The BMC policy establishes new requirements for the care of incarcerated patients shackled by law enforcement. According to the policy, nurses caring for such patients are required to routinely assess the patient’s clinical condition regarding shackles and document this assessment in the medical record. Such assessments ensure that patients’ clinical condition with respect to shackling is both monitored and documented. In addition, the policy established recurring shackle assessments under which members of the health care team routinely assess incarcerated shackled patients for special circumstances, that is, clinical criteria health care teams can use to advocate for compassionate shackle removal or adjustment to less restrictive shackles. The special circumstances include but are not limited to the patient being terminally ill, critically ill, elderly, limited in mobility, or otherwise in a clinical condition wherein the care team agrees that shackles are unnecessary.

In the absence of legislation prohibiting shackling by law enforcement, this policy establishes a compassionate shackle removal process whereby providers can cite special circumstances to argue for shackle removal by law enforcement. While the BMC special circumstances emphasize provider autonomy, adding specific medical/clinical conditions to expand the circumstances will encourage health care staff to advocate for shackle removal for vulnerable patients, including those who are receiving treatments that affect their consciousness and/or mobility. The policy could go further by expanding the special circumstances to include patients who are unconscious (e.g., under general anesthesia), who are receiving regional anesthesia, who are receiving any form of anesthesia that affects consciousness, who are reliant on life-sustaining treatments or unable to ambulate, or who are pregnant, in labor, or under 12 weeks postpartum.

The BMC currently requires that law enforcement always maintain a clear line of sight with incarcerated patients. While law enforcement and correctional institutions are legally liable for any custody or safety issues that arise during health care, law enforcement presence can impact patient-provider relationships.[56] Law enforcement’s presence during health care creates the opportunity for more dangerous encounters due to the introduction of weapons into the care facility.[57] Therefore, protections for incarcerated patients would be further strengthened by adopting policies that do not require law enforcement to be in the same room as the patient. This will give providers flexibility in requesting that law enforcement step out of the room during sensitive conversations or procedures. Health care organizations could further support both patients and staff by training staff on how to effectively collaborate with law enforcement to promote patient dignity while simultaneously considering safety.

Legislative actions: New York City provided a clear guideline for the Department of Corrections, the Health Authority, and the Health and Hospitals Corporation regarding shackling of incarcerated patients seeking health care outside of secure medical wards of municipal hospitals.[58] The guideline discourages routine shackling of incarcerated patients, details medical circumstances in which incarcerated patients should never be shackled, and outlines data reporting recommendations. Key elements of this guideline can inform the evaluation of correctional agency internal policies at the federal, state, and local levels. The guideline can also inform development of federal, state, and local legislation to improve standards of care for incarcerated patients. Funding for research evaluating implementation of these policies is called for, given that no evaluation of the implementation of the New York City guideline was available as of August 2023.

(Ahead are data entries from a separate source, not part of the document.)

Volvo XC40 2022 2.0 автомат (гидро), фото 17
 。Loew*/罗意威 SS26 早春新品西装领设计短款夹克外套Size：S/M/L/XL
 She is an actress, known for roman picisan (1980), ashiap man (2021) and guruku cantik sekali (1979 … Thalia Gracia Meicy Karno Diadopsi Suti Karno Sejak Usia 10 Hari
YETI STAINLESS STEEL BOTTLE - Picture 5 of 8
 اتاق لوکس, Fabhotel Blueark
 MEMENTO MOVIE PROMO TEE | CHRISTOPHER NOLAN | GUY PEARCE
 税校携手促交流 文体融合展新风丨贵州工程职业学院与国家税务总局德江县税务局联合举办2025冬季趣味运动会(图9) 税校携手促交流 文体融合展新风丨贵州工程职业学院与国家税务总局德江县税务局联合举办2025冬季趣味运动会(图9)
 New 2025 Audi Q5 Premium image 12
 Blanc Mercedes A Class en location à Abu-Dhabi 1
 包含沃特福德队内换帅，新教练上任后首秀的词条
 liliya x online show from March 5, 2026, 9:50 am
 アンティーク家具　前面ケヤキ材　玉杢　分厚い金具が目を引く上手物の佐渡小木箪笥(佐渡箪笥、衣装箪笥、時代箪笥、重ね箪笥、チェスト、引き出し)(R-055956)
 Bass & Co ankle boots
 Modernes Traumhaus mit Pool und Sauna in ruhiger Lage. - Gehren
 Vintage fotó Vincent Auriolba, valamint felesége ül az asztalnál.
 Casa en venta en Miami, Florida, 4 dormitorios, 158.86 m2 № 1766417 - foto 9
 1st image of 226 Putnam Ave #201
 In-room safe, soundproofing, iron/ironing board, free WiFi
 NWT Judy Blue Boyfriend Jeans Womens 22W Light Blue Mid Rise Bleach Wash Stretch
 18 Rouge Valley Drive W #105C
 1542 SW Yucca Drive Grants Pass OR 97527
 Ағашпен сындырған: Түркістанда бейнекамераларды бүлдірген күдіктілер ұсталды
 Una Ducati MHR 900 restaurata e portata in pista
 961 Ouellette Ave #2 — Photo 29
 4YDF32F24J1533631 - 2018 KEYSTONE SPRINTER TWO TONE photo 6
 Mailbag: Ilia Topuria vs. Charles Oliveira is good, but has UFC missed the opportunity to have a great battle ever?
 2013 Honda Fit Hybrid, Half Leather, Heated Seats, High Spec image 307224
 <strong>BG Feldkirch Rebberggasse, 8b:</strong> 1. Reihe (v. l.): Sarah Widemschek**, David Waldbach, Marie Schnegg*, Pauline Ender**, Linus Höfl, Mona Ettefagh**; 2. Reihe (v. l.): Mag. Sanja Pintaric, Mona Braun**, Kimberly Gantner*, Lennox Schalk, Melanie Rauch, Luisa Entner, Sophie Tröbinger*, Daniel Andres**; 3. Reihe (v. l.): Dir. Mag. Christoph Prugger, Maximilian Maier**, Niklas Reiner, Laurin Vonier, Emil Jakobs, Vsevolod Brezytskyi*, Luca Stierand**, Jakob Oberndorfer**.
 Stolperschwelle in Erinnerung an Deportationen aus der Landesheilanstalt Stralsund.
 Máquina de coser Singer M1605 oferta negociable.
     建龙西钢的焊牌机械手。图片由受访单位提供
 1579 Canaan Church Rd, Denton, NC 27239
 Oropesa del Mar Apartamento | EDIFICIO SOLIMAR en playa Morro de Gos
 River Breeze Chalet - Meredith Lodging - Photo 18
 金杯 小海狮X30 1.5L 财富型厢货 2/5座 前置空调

The New York City guideline requires the Department of Corrections, the Health Authority and the Health and Hospitals Corporation to develop internal policies prohibiting routine shackling of incarcerated patients outside of secure medical wards of municipal hospitals. The guideline goes on to define shackling as “all devices which encircle the ankle or wrist of an inmate and restrict movement” and recommends that institutions establish clear procedures for shackling. The guideline also recommends that patients be shackled only at the direction of the chief correctional officer once he or she has reviewed evidence of custodial and safety risks posed by the patient.

The guideline promotes limited protections for incarcerated patients by defining medical circumstances in which patients should not be shackled. The guideline concedes that patients who behave violently and/or attempt escape may be shackled regardless of their medical condition. However, the guideline attempts to dissuade correctional staff from shackling patients out of convenience by suggesting that the decision to shackle a patient be routinely reevaluated by the chief correctional officer.

The guideline promotes patient advocacy among health care staff by recommending evaluating whether the shackles threaten the patient’s life, in which case they can advocate for immediate shackle removal. The guideline further recommends that health care staff routinely assess and communicate whether shackling is medically contraindicated and should be removed.

The guideline promotes increased data collection by recommending that health care organizations keep written records summarizing the reason for shackling, details of the shackling, and patient information. The guideline also advocates for the creation of data reporting processes between health care and correctional institutions by recommending that health care staff routinely assess the patient’s clinical condition regarding shackles and convey findings to the Department of Corrections.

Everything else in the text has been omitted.